Give the data below again exactly as it stands. Omit the pictures.

Stored data »
++++
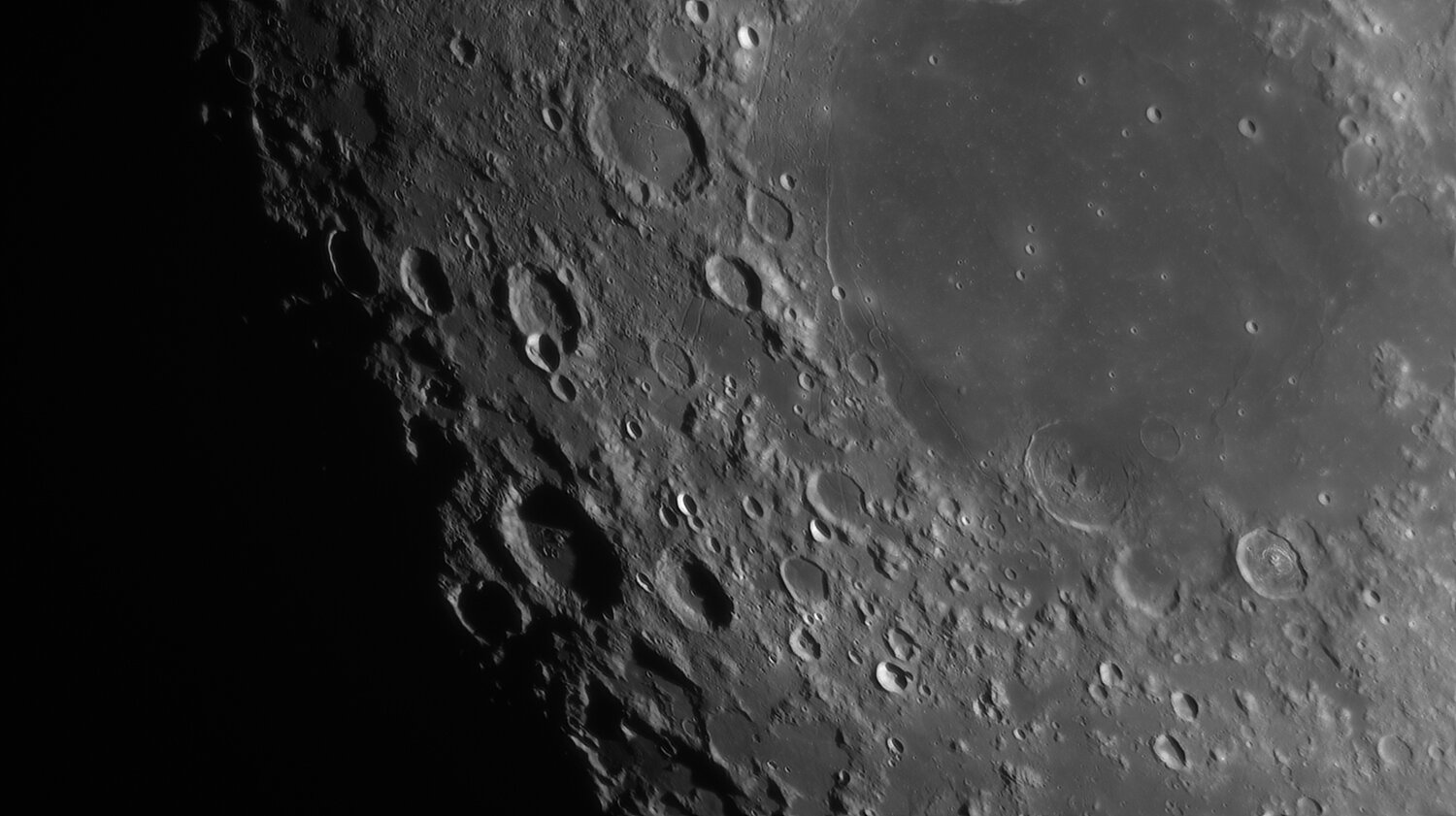 722794854_Moon_221154_250121_ZWOASI290MM_R-ccd_AS_P30_lapl5_ap612.thumb.jpg.63269d9d3a3a4e28a448d8735c684ed7.jpg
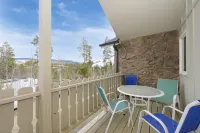 Spacious Open Floor Plan and Cozy Fireplace - Inviting Mountain Retreat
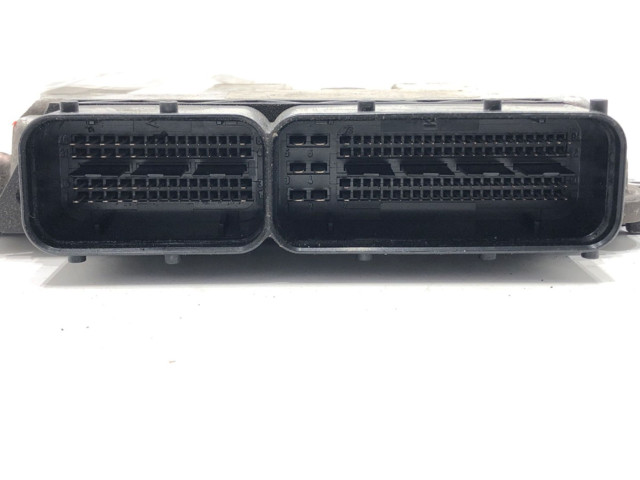 Блок управления двигателем Блок управления Fiat Linea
++++
Written answer »
 722794854_Moon_221154_250121_ZWOASI290MM_R-ccd_AS_P30_lapl5_ap612.thumb.jpg.63269d9d3a3a4e28a448d8735c684ed7.jpg
 Spacious Open Floor Plan and Cozy Fireplace - Inviting Mountain Retreat
 Блок управления двигателем Блок управления Fiat Linea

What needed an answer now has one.